__Input data__:
-- Opening Marker --

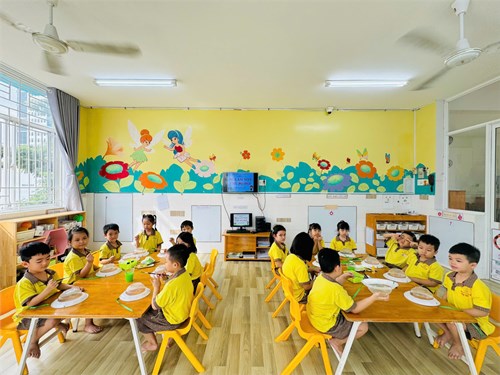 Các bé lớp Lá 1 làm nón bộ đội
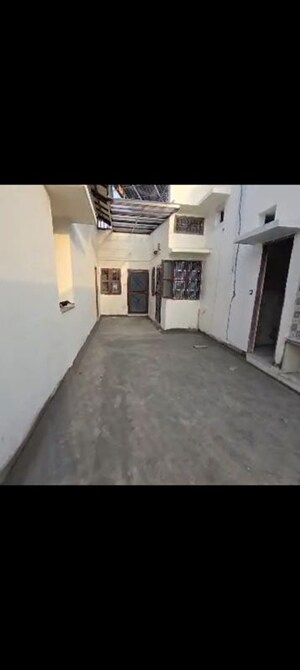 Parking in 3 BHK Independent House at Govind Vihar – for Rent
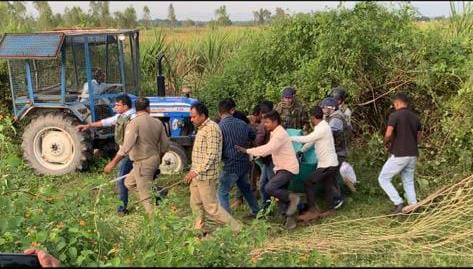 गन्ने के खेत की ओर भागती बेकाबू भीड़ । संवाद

-- Closing Marker --
-- Opening Marker --

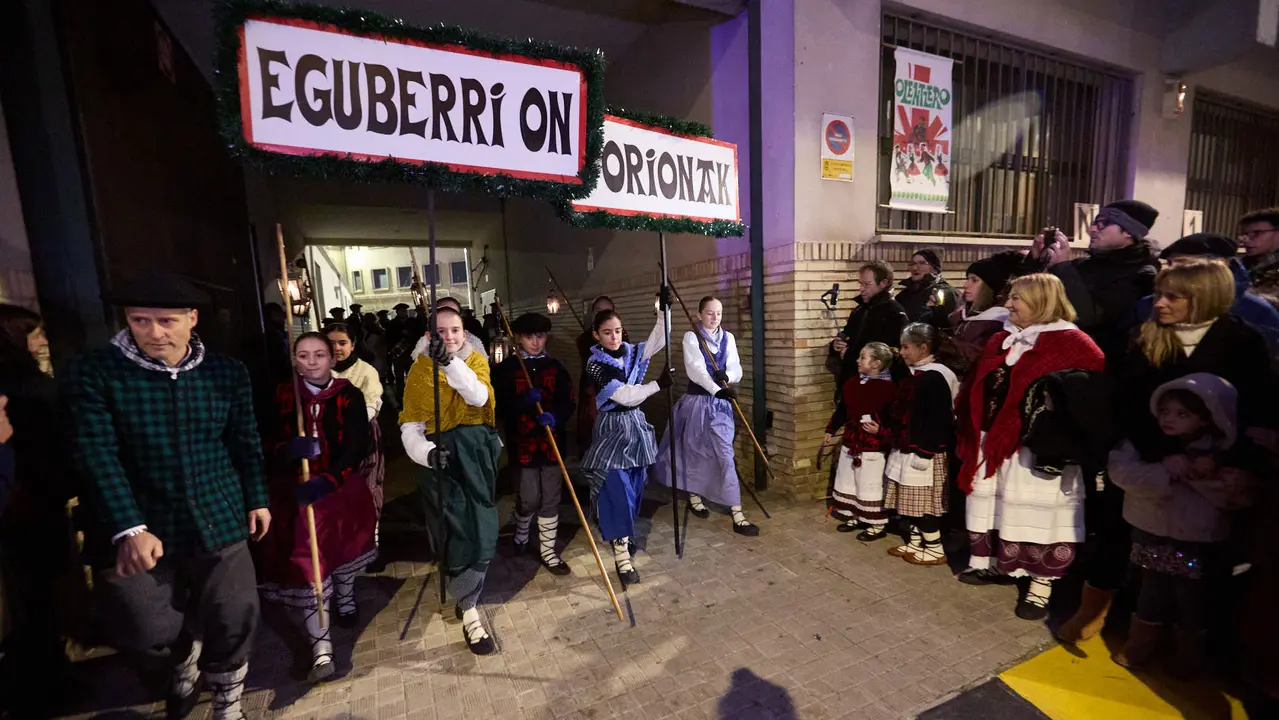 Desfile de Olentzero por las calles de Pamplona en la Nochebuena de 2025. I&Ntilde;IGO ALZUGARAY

-- Closing Marker --

__Instructions for the task__:
Only the lines starting at the one that includes "Parking in 3" and ending at the one that includes "गन्ने के खेत क" should be retyped, exactly, from the records above; no pictures.

__Written reply__:
 Parking in 3 BHK Independent House at Govind Vihar – for Rent
 गन्ने के खेत की ओर भागती बेकाबू भीड़ । संवाद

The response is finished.